Wir sind nach der Analyse der Meinung, dass es viel Pech war. Aber wir erheben noch mehr Daten, um zu erkennen, wann ein Spieler so überlastet ist, dass er nicht trainieren kann und nur Behandlung bekommt. Keiner unserer Spieler verliert Qualität, wenn er mal eine Einheit nicht mitmacht. Wir brauchen auch viel Eigenverantwortung der Spieler, was Schlaf und Ernährung angeht. Wir gehen alle gerne ins ,Macedonia’ und essen eine Fleischplatte. Aber wenn ich das vier Mal pro Woche mache, habe ich ein Problem. Ich erwarte, dass man professionell lebt.

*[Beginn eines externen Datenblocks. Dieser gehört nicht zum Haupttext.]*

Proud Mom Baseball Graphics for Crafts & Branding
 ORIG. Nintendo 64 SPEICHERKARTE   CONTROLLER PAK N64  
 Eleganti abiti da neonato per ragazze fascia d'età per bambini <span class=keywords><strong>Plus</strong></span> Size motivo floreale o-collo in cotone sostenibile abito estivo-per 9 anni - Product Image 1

Wäre mehr Risiko beim Wechseln zum Verteilen der Belastung eine Option?
Ich muss mutiger werden und in Phasen, wo es sehr gut läuft, sicherlich auch mal wechseln und einen möglichen Bruch einkalkulieren. In der Vergangenheit war Nikolai Jacobsen ein bisschen Vorbild für mich. Er hat in der Bundesliga weitgehend mit acht Leuten gespielt und in der Champions League viel rotiert. Damit ist er zwei Mal Meister geworden. Ich möchte den Fokus auf beide Wettbewerbe legen und trotzdem rotieren. Dann aber nicht in Blöcken, sondern in kleinen Teilen. Ein Spieler, der 30 Minuten durchspielt, hat eine höhere Belastung als einer, der insgesamt genauso lange spielt, aber zwischendurch Pausen bekommt.

Jacobsen wurde vorgeworfen, die Champions League abzuschenken. Auch bei der SG gab es Jahre, in denen die Gruppenphase als Experimentierfeld genutzt wurde. Ist das vorbei?
Es ist unfair, wenn Außenstehende meinen, dass die Champions League weggeschenkt wird. Beispiel: Wir haben gerade in Kiel gespielt und fahren nach Barcelona. Wenn Hampus Wanne und Lasse Svan in Kiel 60 Minuten gespielt haben und ich fange in Barcelona mit Emil Jakobsen und Marius Steinhauser an, dann ist das kein Signal: ,Das schenkt er jetzt weg’. Das wäre respektlos gegenüber den Spielern. Ich will trotzdem gewinnen. Jakobsen und Steinhauser spielen bei der SG, weil sie in Barcelona eine Superleistung bringen können. Aber ich nehme in Kauf, dass gewisse Sachen nicht funktionieren, weil die Eingespieltheit eventuell nicht da ist.

Bitte eine kurze Einschätzung zu den Neuzugängen Aaron Mensing, Anton Lindskog, Kevin Möller, Emil Jakobsen.
Aaron Mensing hat einen unglaublichen Wurf und ist sehr spielintelligent. Man sieht, wie er immer breitere Schultern bekommt, wenn er mit Mads Mensah und Jim Gottfridsson auf der Platte steht. Anton Lindskog ist ein schlauer Abwehrspieler, ist stark im Block und kann ein Spiel sehr gut lesen. Im Angriff werde ich zunächst auf Golla und Hald setzen. Aber wir haben bei allen Dreien die Möglichkeit, mit zwei Kreisläufern in die zweite Welle zu gehen – ohne Wechsel in der Vorwärtsbewegung. Darauf freue ich mich. Kevin Möller hat in Barcelona Gewinnermentalität dazubekommen, ist als Persönlichkeit gereift und als Torwart noch besser geworden. Emil Jakobsen wird sich erst an alles gewöhnen müssen: Sprache, Belastung, Reisestrapazen. Wurfvariabel ist er ohne Ende – aber: Mir ist manchmal das einfache Tor lieber.